同じ松前町でも地区が3つあり、内陸の北伊予地区だと海がないし、もっというと同じ松前地区の海でも、漁港なのか砂浜なのかで雰囲気も違う。
わたしが育ったのは伊予市に近い海側で、10分も歩けば浜辺に着いた。
今でも思う。
あの場所に住んでなかったら、自分を保てなかったかもしれない。
中学生以降、家で何かあると、夜な夜な自転車で海に行っていた。
泣いたり歌ったり叫んだりしても、誰にも聞かれることもなく、誰にも見られることもなく、気分が落ち着くまで、気が済むまでいられた。
わたしのすべてを受け止めてくれた海。
冷静に考えてみたら、あんな時間に(しかも女子が)家を出て行っていたら、普通の親なら心配だったと思う。
1回だけ力ずくで止められたときがあって、確かそのときだか顔に傷ができるほどのケンカになってて、もしかしたらさすがに危ないと思ったのかもしれないけど、それでも振り払って家を飛び出して(もしくは部屋に戻ってから後でこっそり)海に行ったと思う。
ちなみにケンカと言っても、わたしは口で言っていただけで暴力は振るってなくて、手を出すのは常に母親だった。
自分も暴力を振るったら負けだと思っていた。
わたしはそんな低俗なことはしない、アンタのようにはならない、と思いながら必死で耐え、気持ちを抑えるために海に行っていた。

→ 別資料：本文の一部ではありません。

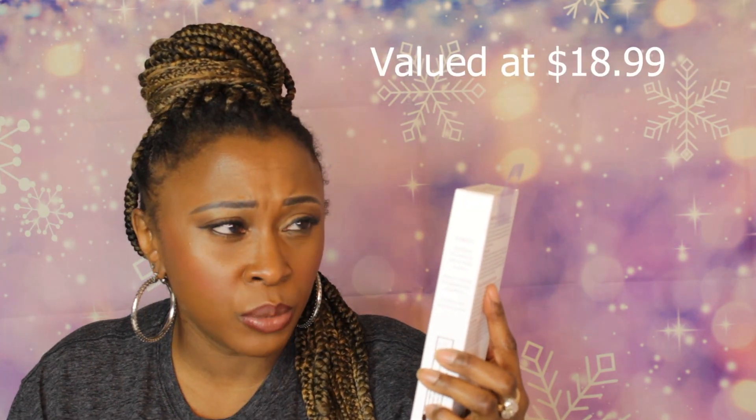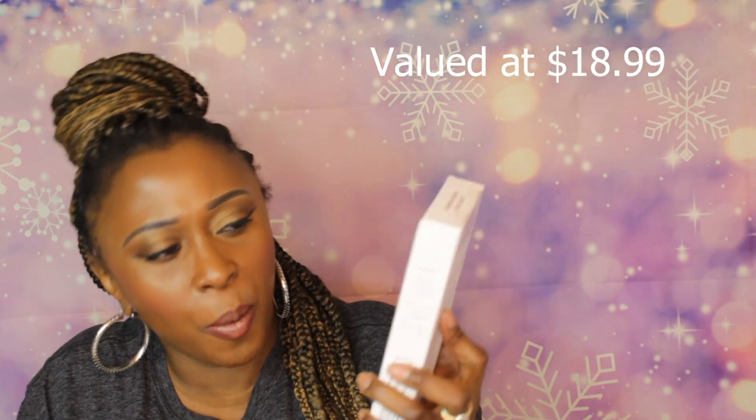The next item is a Zoe Azalea rose quartz facial roller. I have like a thousand of these — I give them away all the time because I get too many. For me this is a bit of a disappointment, but if you enjoy spa days, it's really nice to use with a sheet mask — put your mask on and roll it across your skin. It makes for a nice experience, but this one is going to be someone's Christmas present since I have so many.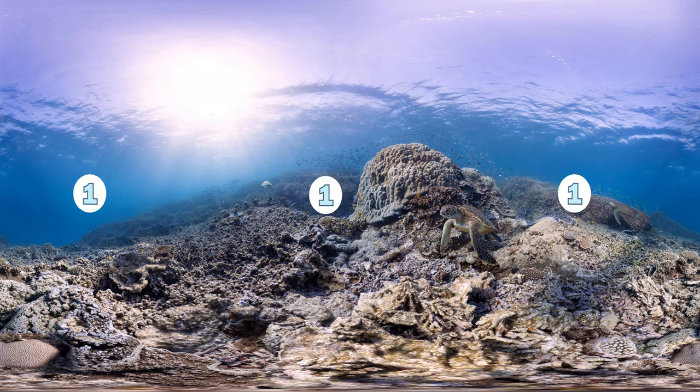Our top one is underwater. Yep, that's right — Google Street View has gone under the water into the oceans and you can actually explore the coral reefs.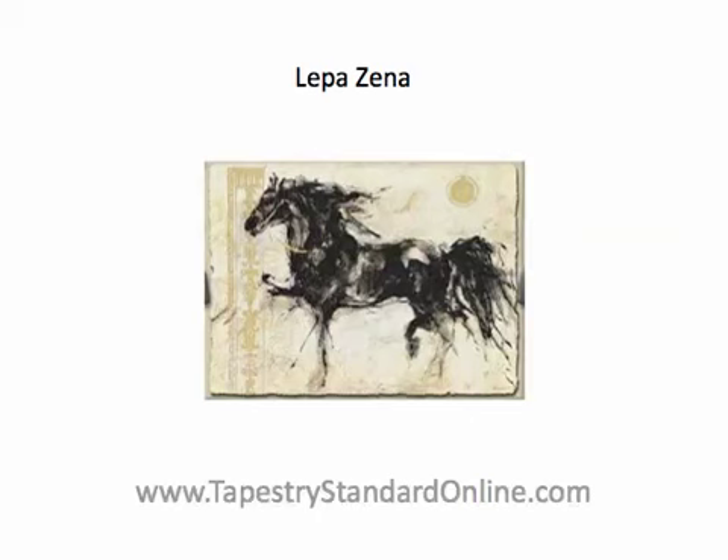This tapestry is perfect for your living room, family room, and even your bedroom decor. It's a bold statement anywhere you hang it. It complements just about any color and will really stand out against darker shades.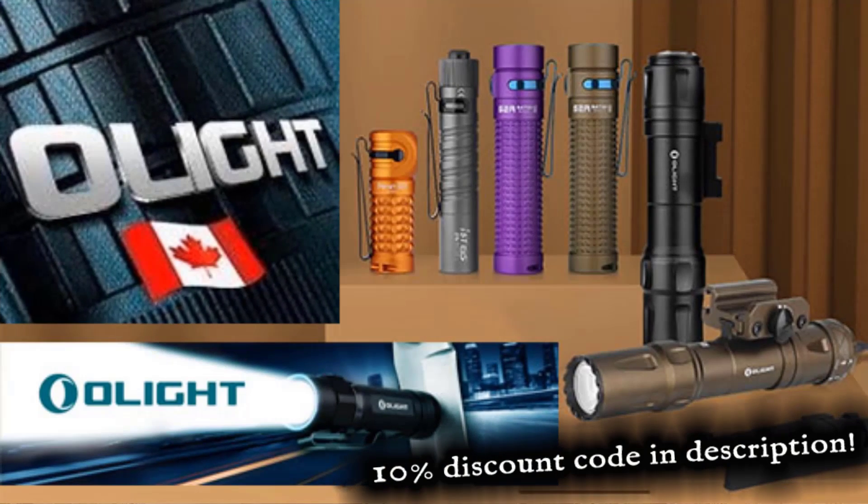This video was sponsored by Olight Flashlights. Stick around to the end and I'll show you one of their amazing flashlights in action.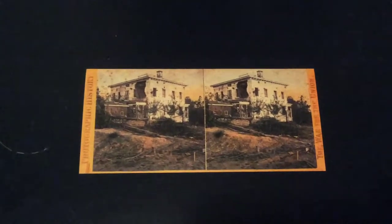This photo is probably my favorite of the whole batch. It is a house that, as you can see, was blown apart.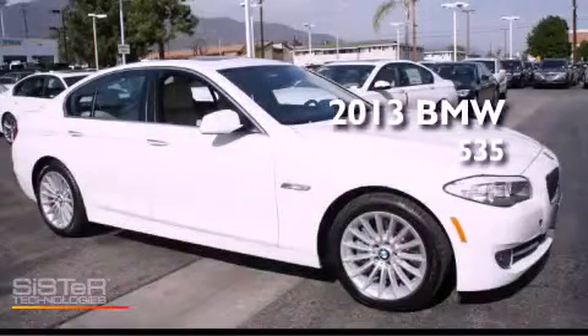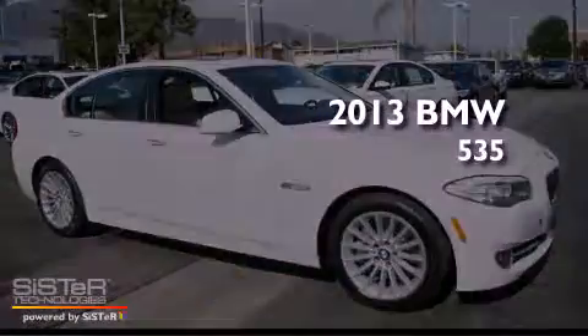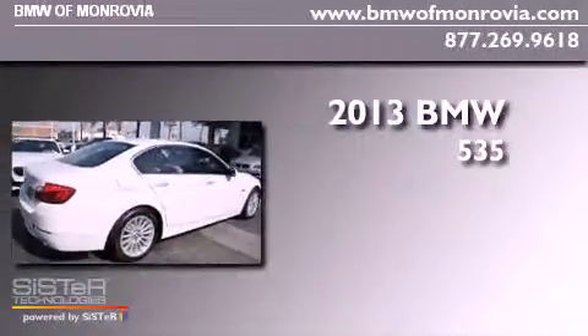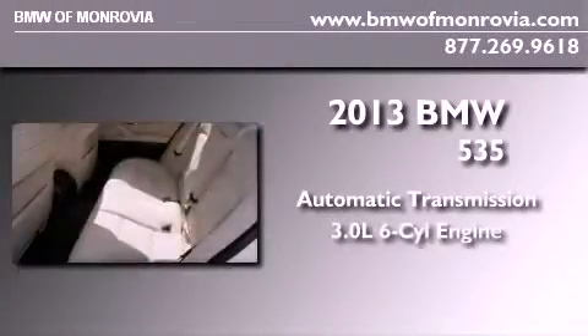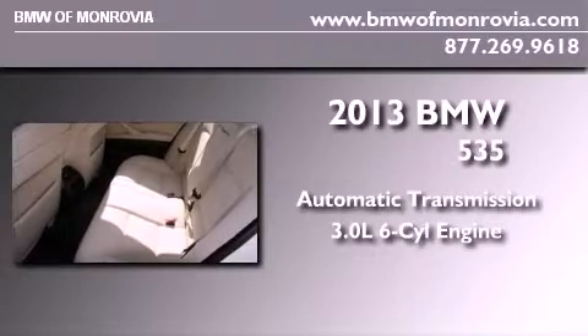This is a brand new 2013 BMW 535. This car has an automatic transmission and a 3.0-liter inline six-cylinder engine.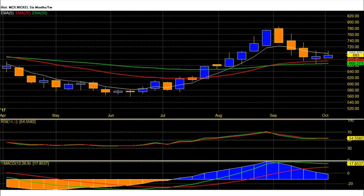MCX Nickel weekly chart RSI is at 54 with an early rally continuation signal. MACD is at 17 with a bullish crossover and divergences, given by signal around 577 rupee on the weekly chart.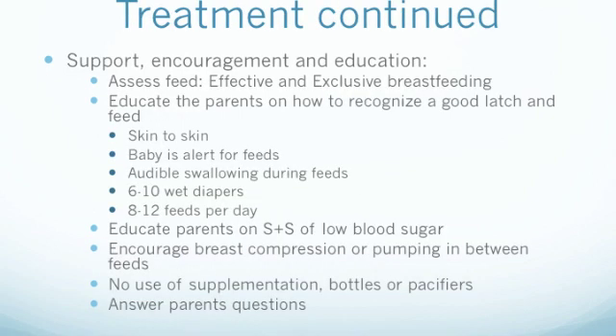In order to support and educate the newborn's parents, we would assess the newborn's latch and feed and educate the mom on how to recognize both aspects. This would include promoting skin-to-skin contact, making sure the infant is awake and alert during feeds, watching and listening for a swallowing sound during feeding, offering both breasts at each feed, and allowing the infant to feed until they naturally come off the breast. Signs the infant is getting enough to eat include 6-10 wet diapers per day, 8-10 feeds per day, appropriate weight gain of 1 ounce per day for the first 3 months, and returning to birth weight within 2 weeks. We would also educate both parents on recognizing signs and symptoms of hypoglycemia, and to promote and increase the mother's milk supply we could suggest breast compressions or pumping between feeds, while discouraging supplementation with formula, bottles, or pacifiers, at least until a regular breastfeeding pattern is in place.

あのとき、実はわたしが家に戻ってくるまで気が気じゃなかったとか、あるんだろうか。
この話を友達にしたら、「虐待?」みたいに言われたりもするんだけど、そのときは虐待という言葉が今ほど一般的じゃなかったし、「自分は虐待を受けている」というより、「自分は理不尽な母親とケンカしている」という認識だった。
だから、世の中の虐待を受けている子供たちも、そうかもしれないと思う。
自分が母親から虐待を受けているなんて、そんな風に思えないし、思いたくないし、ましてやそれを誰かに訴えることなんてできない。
自分が「いい子」にしていれば、こんな目にあわなくて済むはずだ、だからがんばってがんばって、「いい子」になろうとするんだけど、どんなにがんばっても責められるし非難されるし叩かれる。
そして「自分がダメなんだ」と思う。
いや違う、わたしは悪くない、こんなのはおかしい。
そう思っても理不尽は続く。
そのわたしの葛藤を、海が受け止めてくれた。
わたしにとっての海は、そういう存在だった。
だから時々、あの海に会いに行きたくなる。
どうしようもないわたしの荒れた心に、ただあるがままに、静かに、時に激しく、寄り添ってくれた、あの海に。